Printer friendly version
New discovery about how flowering time of plants can be controlled
07 December 2010
Researchers at Umeå Plant Science Center in Sweden discovered, in collaboration with the Syngenta company, a previously unknown gene in sugar beets that blocks flowering. Only with the cold of winter is the gene shut off, allowing the sugar beet to blossom in its second year. The discovery of this new gene function makes it possible to control when sugar beets bloom. The new findings were recently published in the prestigious journal Science.

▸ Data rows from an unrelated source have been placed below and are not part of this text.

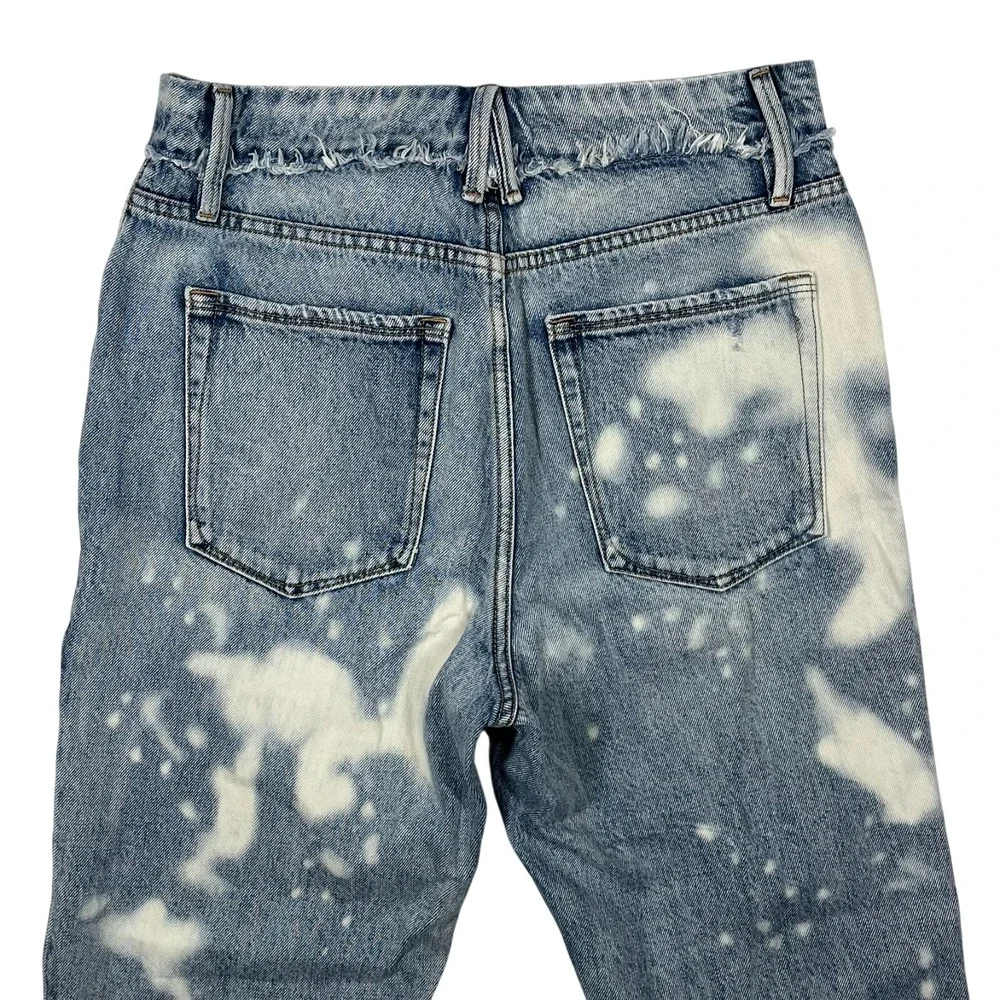 Good American Straight Leg Jeans Womens 6 Fits 28x29 Distressed‎ Bleach Splatter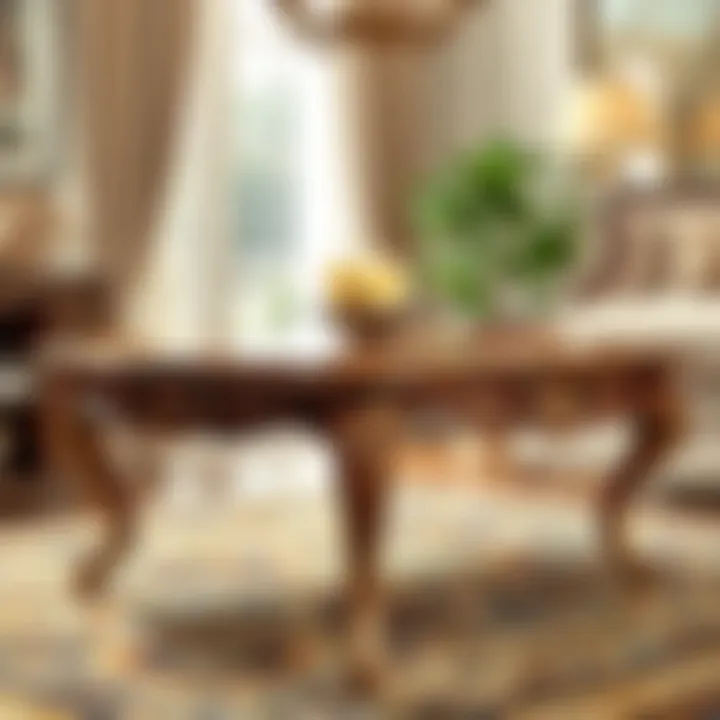 Vintage cocktail table with intricate woodwork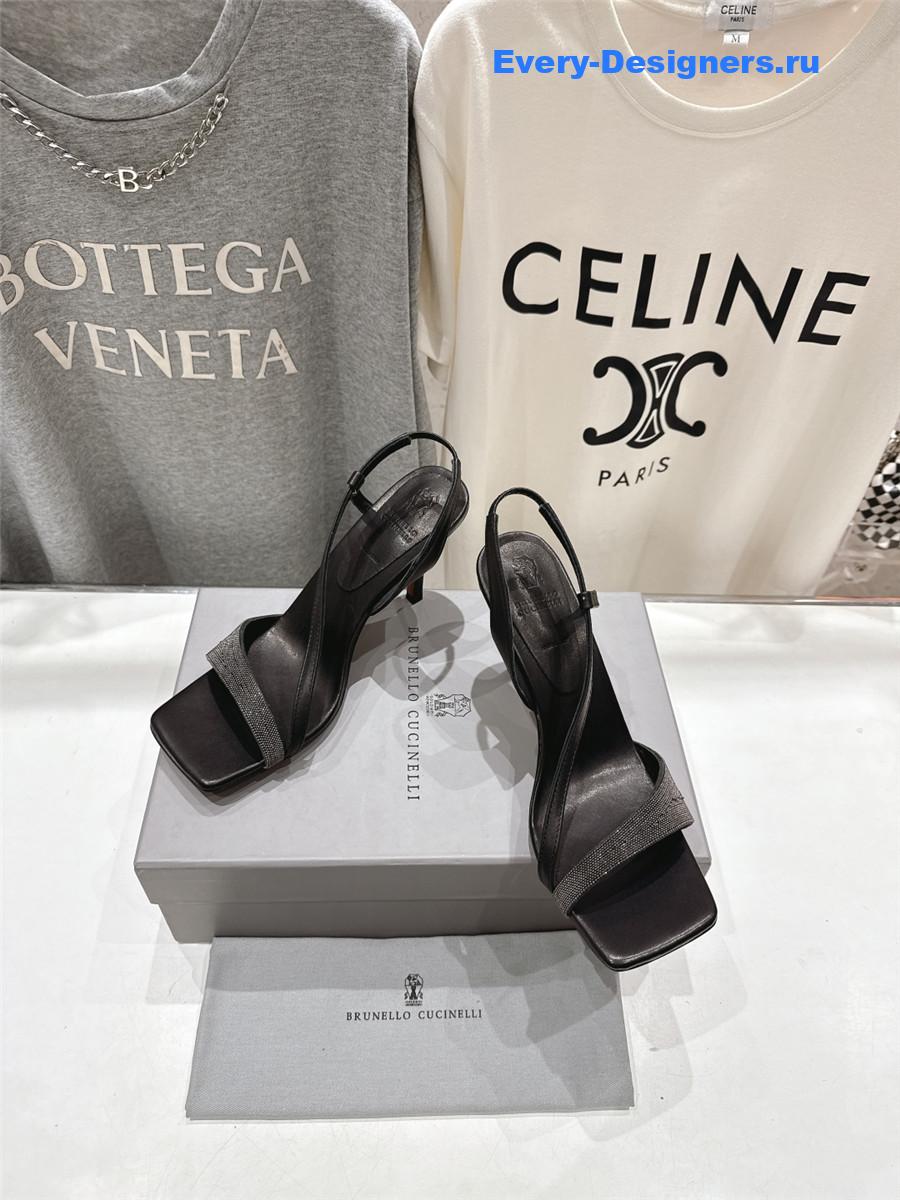 BC Black Beaded Slingback Pumps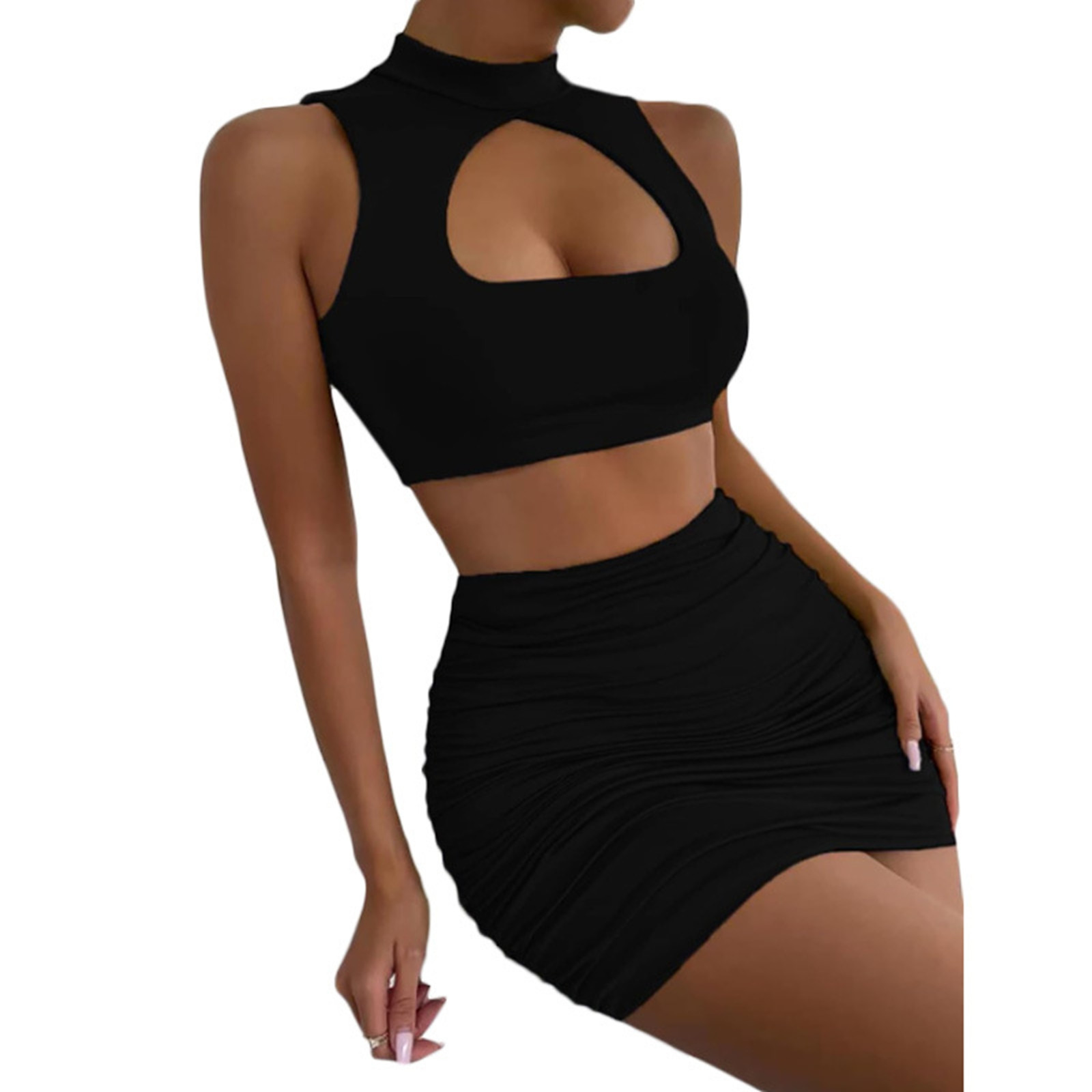 thumbnail image 2 of Conjunto de top corto con aberturas y falda para mujer: vestido ajustado sexy, poliéster y spandex, conjunto para salir de fiesta por la noche, 2 of 5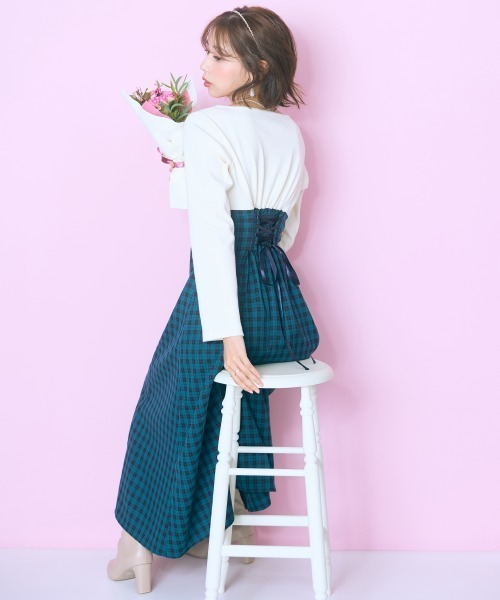 marun（マルン）の「＜大きいサイズ＞ドッキングチェックワンピース marun（ワンピース・レディース・アイボリー系/ブラック系・L/LL/3L/4L/5L）」の15枚目の写真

Scientists at Umeå Plant Science Center and the international company Syngenta, in a joint study of genetic regulation in the sugar beet, have discovered an entirely new principle for how flowering can be controlled. The study, which was co-directed by Professorn Ove Nilsson, of the Swedish University of Agricultural Sciences (SLU), and Syngenta scientist Dr. Thomas Kraft, showed that there is a gene in the sugar beet that was previously unknown.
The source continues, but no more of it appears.